本資料では,主に次の点がまとめられています。

・相続税の実地調査の状況
・相続税の簡易な接触の状況
・相続税の無申告事案に対する実地調査の状況
・相続税の海外資産関連事案に対する実地調査の状況
・贈与税の実地調査の状況

詳細な分析は税理士の先生方にお任せするとして,国税庁のアナウンスを要約すると,おおむね次のとおりです。

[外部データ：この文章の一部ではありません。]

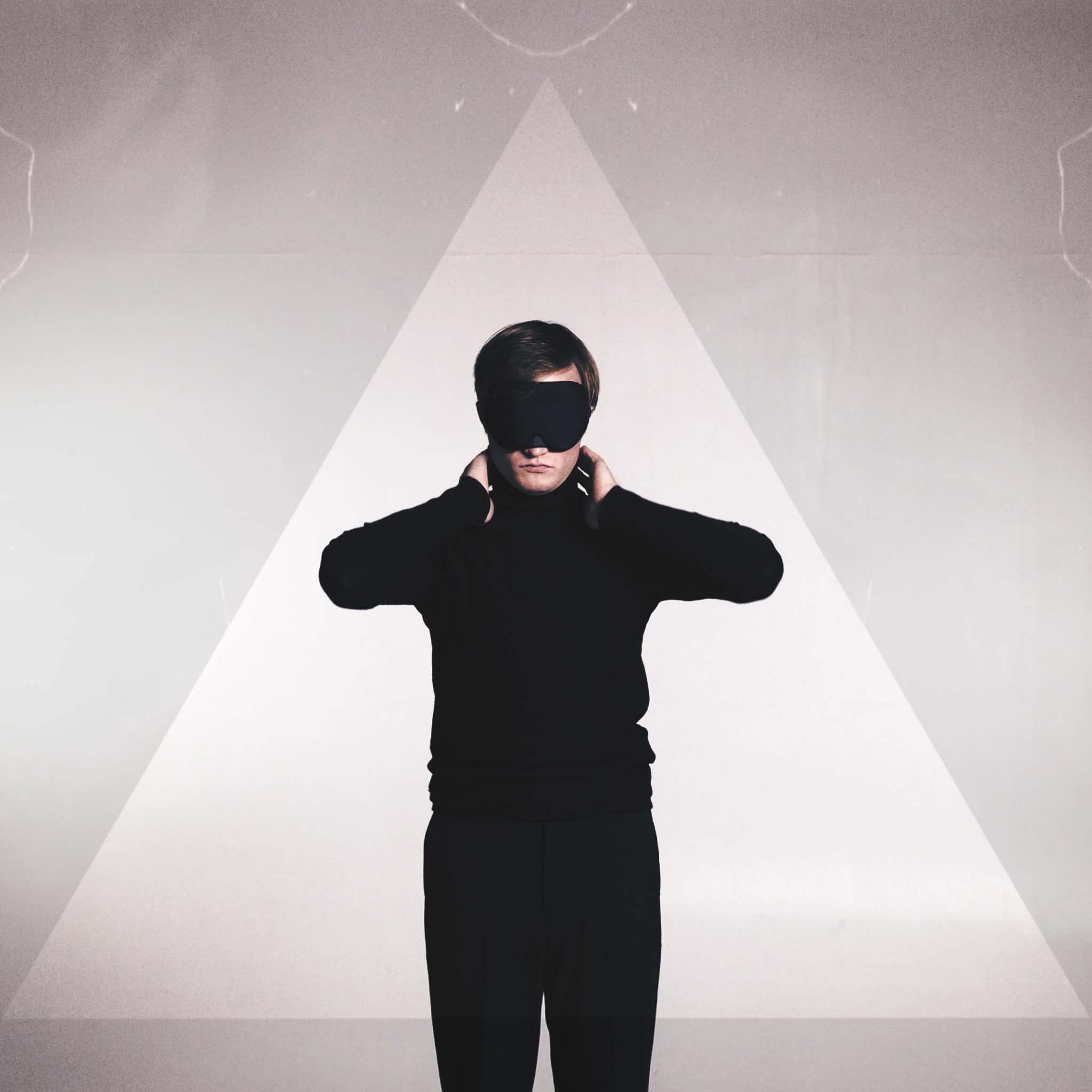 Theta Noir EVOLUTIONARY Movements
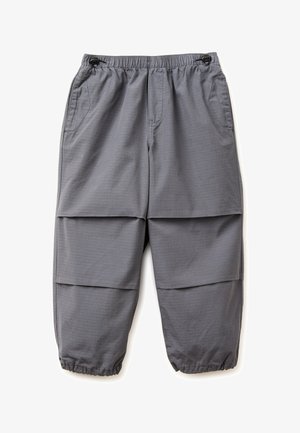 Pantaloni convertibili grigi con vita elastica, coulisse regolabili, tasche laterali e sezioni con cerniera sopra le ginocchia per trasformarli in pantaloncini.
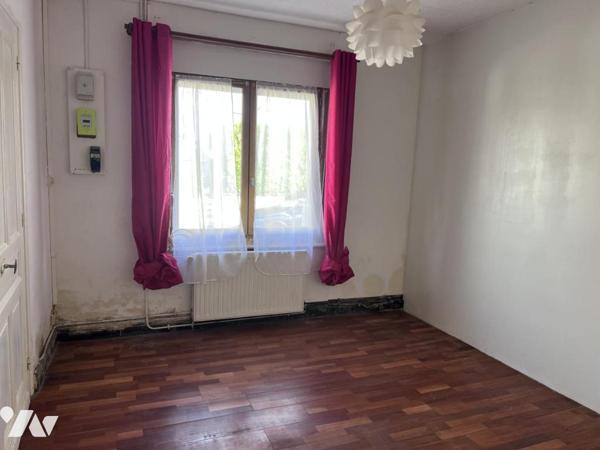 MAISON SEMI-MITOYENNE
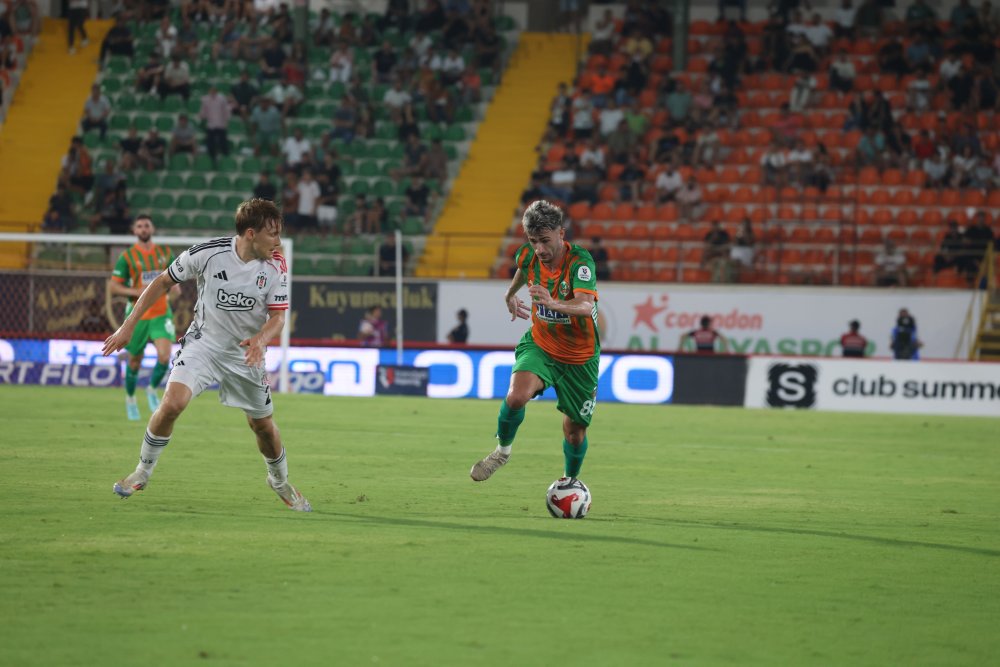 Corendon Alanyaspor, ağırladığı Beşiktaş'ı mağlup etti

相続税については,実地調査が増え,その結果として追徴税額も増加している
 → 調査件数・指摘額ともに,調査が強化されているように感じられる

「簡易な接触」は,件数・指摘内容ともに過去最高水準
 →当局からの電話等による軽度な接触であっても,申告漏れの把握が大きく進んでいる

無申告事案に対する調査では,追徴税額が過去最高
 → 申告していないケースに対する当局の対応が,より厳格になっている

海外資産に関する申告漏れは,件数・金額ともに増加
 → 海外資産についても把握・追及が進んでいることが明確

贈与税は,調査件数自体は減少しているが,追徴税額は増加 

また,本資料には「相続税調査事例」も掲載されています。
特に興味深いのは,事例②の「名義預金」に関するケースです。

被相続人名義の預金口座から,相続人やその家族名義の預金口座へ多額の資金移動が行われており,これについて国税当局は,相続税の納税を免れる目的で,被相続人の財産が相続税の基礎控除以下となるよう,意図的に預金移動が行われたものと認定したようです。

名義預金については,問題となりやすい論点ですが,あらためて十分な注意が必要であることを示す事例といえるかと思われます。